Closed hchetia closed 2 years ago

hchetia commented 2 years ago

Hi, Could you share how the allele sizes are estimated for the samples? The no.s being in integars and not whole numbers, is kind of confusing.

Regards, Hasna

hdashnow commented 2 years ago

Because we are estimating a large allele from short reads, we cannot directly measure the size. Instead we have to infer it. To estimate the size of alleles greater than the read length, STRling counts the number of STR k-mers in all anchored and overlapping reads assigned to that locus. Using simulations we created a linear model of the relationship between these counts and the size of the allele and then use this to estimate the size of the allele in a given individual. The number you see is the output of that linear model. We do not round it to the closest integer, as it's just an estimate.

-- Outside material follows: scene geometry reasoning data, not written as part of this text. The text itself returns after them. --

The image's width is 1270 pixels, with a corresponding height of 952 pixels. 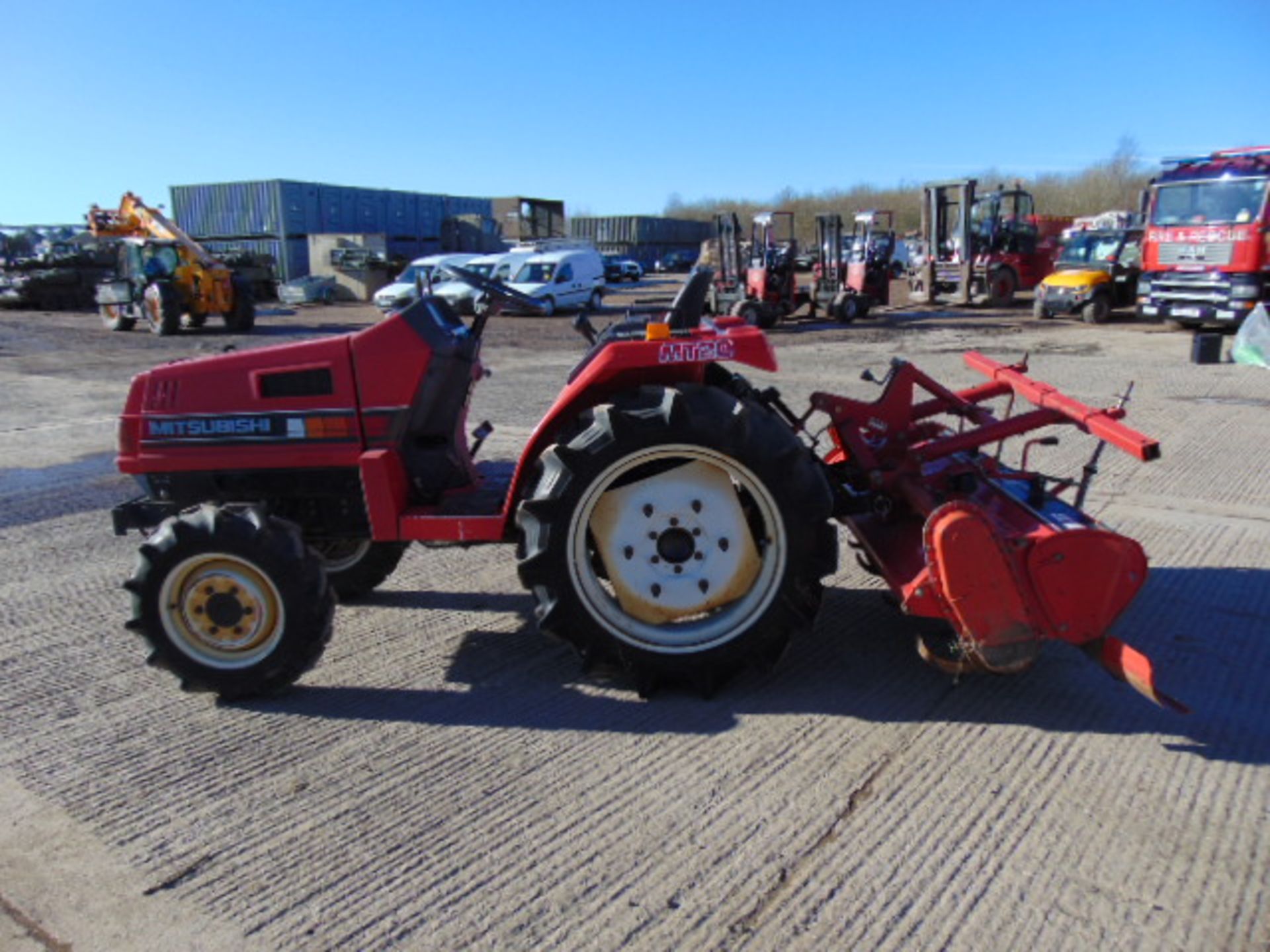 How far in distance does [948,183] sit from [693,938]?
21939 millimetres

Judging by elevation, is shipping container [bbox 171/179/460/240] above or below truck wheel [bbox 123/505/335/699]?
above

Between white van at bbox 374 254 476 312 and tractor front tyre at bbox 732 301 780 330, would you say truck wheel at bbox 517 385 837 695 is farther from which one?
white van at bbox 374 254 476 312

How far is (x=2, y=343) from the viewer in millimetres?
18281

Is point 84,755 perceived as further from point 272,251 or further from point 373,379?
point 272,251

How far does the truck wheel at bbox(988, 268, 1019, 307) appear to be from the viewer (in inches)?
922

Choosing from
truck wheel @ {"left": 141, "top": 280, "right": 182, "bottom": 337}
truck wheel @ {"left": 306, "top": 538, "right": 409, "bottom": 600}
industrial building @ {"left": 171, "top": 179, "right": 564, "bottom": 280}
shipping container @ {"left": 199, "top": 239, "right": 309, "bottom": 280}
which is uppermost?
industrial building @ {"left": 171, "top": 179, "right": 564, "bottom": 280}

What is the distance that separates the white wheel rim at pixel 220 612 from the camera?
3477mm

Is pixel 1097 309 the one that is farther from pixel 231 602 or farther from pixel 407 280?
pixel 231 602

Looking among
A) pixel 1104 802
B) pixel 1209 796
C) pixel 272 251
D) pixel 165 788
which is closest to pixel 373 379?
pixel 165 788

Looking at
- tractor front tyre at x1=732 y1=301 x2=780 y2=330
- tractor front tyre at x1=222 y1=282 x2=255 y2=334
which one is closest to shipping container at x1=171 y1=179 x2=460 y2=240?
tractor front tyre at x1=222 y1=282 x2=255 y2=334

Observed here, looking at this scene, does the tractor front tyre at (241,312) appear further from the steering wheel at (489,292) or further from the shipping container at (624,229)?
the shipping container at (624,229)

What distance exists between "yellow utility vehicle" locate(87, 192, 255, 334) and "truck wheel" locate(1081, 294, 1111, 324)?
1791cm

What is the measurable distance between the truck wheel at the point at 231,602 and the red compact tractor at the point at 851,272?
722 inches

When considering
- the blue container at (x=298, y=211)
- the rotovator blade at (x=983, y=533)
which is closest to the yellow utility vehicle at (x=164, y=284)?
the blue container at (x=298, y=211) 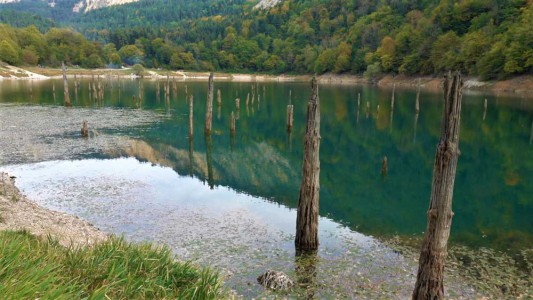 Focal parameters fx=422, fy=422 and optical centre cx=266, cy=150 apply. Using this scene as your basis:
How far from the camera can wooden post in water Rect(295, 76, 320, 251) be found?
12664mm

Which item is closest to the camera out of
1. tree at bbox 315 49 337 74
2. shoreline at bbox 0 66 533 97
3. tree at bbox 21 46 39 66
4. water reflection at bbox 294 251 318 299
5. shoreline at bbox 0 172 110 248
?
water reflection at bbox 294 251 318 299

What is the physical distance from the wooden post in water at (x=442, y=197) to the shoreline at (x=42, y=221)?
29.0 ft

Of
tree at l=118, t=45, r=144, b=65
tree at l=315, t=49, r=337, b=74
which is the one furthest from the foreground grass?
tree at l=118, t=45, r=144, b=65

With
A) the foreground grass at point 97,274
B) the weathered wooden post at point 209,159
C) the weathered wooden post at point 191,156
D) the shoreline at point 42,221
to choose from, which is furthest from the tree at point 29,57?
the foreground grass at point 97,274

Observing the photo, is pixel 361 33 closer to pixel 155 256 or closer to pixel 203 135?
pixel 203 135

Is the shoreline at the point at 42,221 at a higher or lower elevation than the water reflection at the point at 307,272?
higher

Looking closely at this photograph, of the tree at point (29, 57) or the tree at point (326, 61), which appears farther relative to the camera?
the tree at point (326, 61)

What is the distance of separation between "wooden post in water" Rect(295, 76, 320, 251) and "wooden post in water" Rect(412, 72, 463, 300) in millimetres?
4145

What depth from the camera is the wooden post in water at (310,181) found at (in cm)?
1266

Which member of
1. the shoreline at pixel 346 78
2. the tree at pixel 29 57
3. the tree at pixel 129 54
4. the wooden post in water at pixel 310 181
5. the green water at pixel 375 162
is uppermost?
the tree at pixel 129 54

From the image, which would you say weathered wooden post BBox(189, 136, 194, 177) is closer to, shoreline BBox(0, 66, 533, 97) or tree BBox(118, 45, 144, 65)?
shoreline BBox(0, 66, 533, 97)

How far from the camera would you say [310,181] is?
42.5ft

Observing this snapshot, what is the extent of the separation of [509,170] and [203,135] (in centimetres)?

hchetia commented 2 years ago

Thanks @hdashnow . Is there a way to visualize the kmers in anchored and overlapping reads of a locus? Will a linear model be created for each STR loci? Is there any diagram that I can refer to explain how you arrive at the linear model?

hdashnow commented 2 years ago

We don't have a visualization tool. If you use the debug compiled version (see https://github.com/quinlan-lab/STRling/releases) then strling call will output a file sample-reads.txt that lists the names of the reads that were used in each call. You could then look at those specific reads in IGV. The linear model is shared across loci. It's intuitive that the longer an allele is, the more reads arise from it. I merely simulated alleles of varying sizes (and loci and repeat units) and confirmed that this was true and consistent. Then I estimated the intersection and slope of the line. I'm writing up the preprint right now, so I can post that here when it's out. The figures should be helpful in explaining the algorithm.

hchetia commented 2 years ago

Thanks @hdashnow that's very helpful.